Le bien : de nouvelles amitiés, une communauté aimante qui était là pour nous quand nous en avions besoin, des voyages au Japon, en Italie et au Danemark, vu un vieil ami pour la première fois en onze ans, plus productif que jamais avec mon écriture, mes

enfants étaient des personnes heureuses et bien ajustées, nous avions un toit agréable au-dessus de nos têtes, j’aimais mon travail qui ne semblait pas être un travail, nous étions en bonne santé, j’ai travaillé aux élections (même si cela signifiait faire du porte-à-porte avec le bambin sur le dos en tant que mère célibataire, mais je l’ai fait !), et bien plus encore. Je continuais à penser à de nouvelles choses à ajouter à la liste.

C’était très révélateur. Nous avons tendance à nous concentrer sur le négatif. Mon esprit voulait retourner aux moments sombres de l’année écoulée. Mais après avoir relu la liste, il était clair que l’année n’était pas entièrement mauvaise. Il y avait beaucoup de moments lumineux dans la période la plus difficile de ma vie.

Mooji a dit : « Les sentiments ne sont que des visiteurs. Laissez-les venir et partir. »

J’essaie toujours de me rappeler cela.

Il est normal de se sentir terrible. Vous n’êtes pas brisé pour ressentir ça. Vous ne pouvez simplement pas vous attacher aux sentiments. Il y aura des jours où la vie semblera trop difficile. Vous ressentirez de la douleur, de la solitude et de la peur qui vous feront souffrir. Rien de tout cela ne reflète qui vous êtes, ni ne donne une indication de ce que votre avenir réserve. Ce ne sont que des visiteurs temporaires.

Lorsque les sentiments me visitent, j’accepte la douleur. Je me blottis. Peut-être que je libère mon emploi du temps. Je baisse mes attentes de productivité. Je me donne la permission de me reposer tout en laissant passer les pensées. Puis je passe à autre chose. Ce n’est pas que vous oubliez jamais la douleur, mais avancer est une façon de la compartimenter pour qu’elle ne vous détruise pas.

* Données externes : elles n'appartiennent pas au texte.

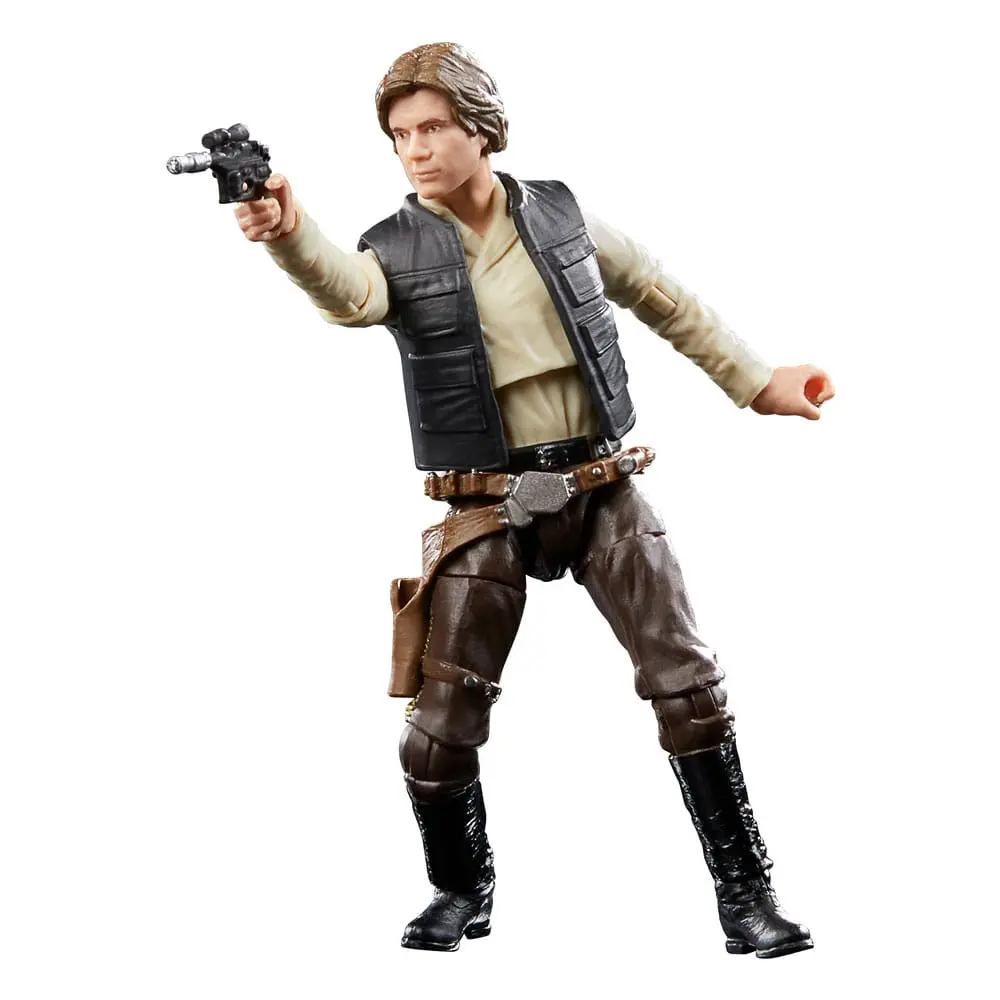 Star Wars Episode VI 40. výročný zberateľská edícia akčná figúrka Han Solo 10 cm termékfotó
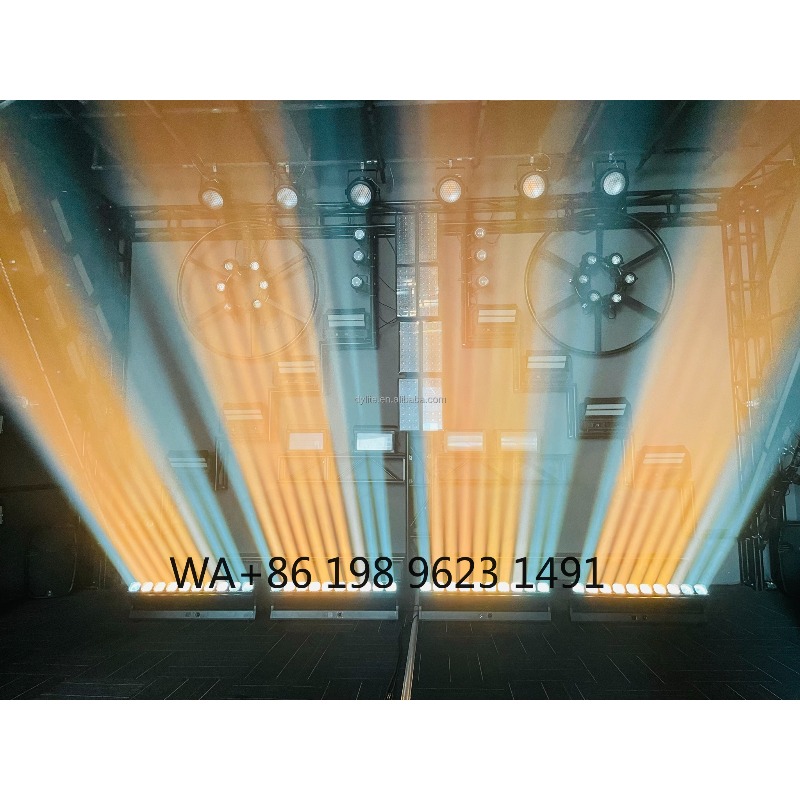 10x60W RGBWピクセルLEDビームムービングバー ズ - Wedding Led のレビューと価格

Dix-huit mois plus tard, je suis une personne différente de celle que j’étais avant la mort de mon mari. Ce n’est pas la vie que j’avais initialement choisie, mais à bien des égards, je vis une vie plus intentionnelle avec beaucoup plus de choix. Il y a un certain degré d’excitation dans ce que j’appelle ma « renaissance ». Il n’y a pas de règles. Vous vivez simplement aussi authentiquement que possible, avec ce que vous avez, en faisant de votre mieux, et c’est tout. Pas de secrets.

Tout ce dont vous avez besoin pour persévérer est déjà en vous, et cette vérité est libératrice.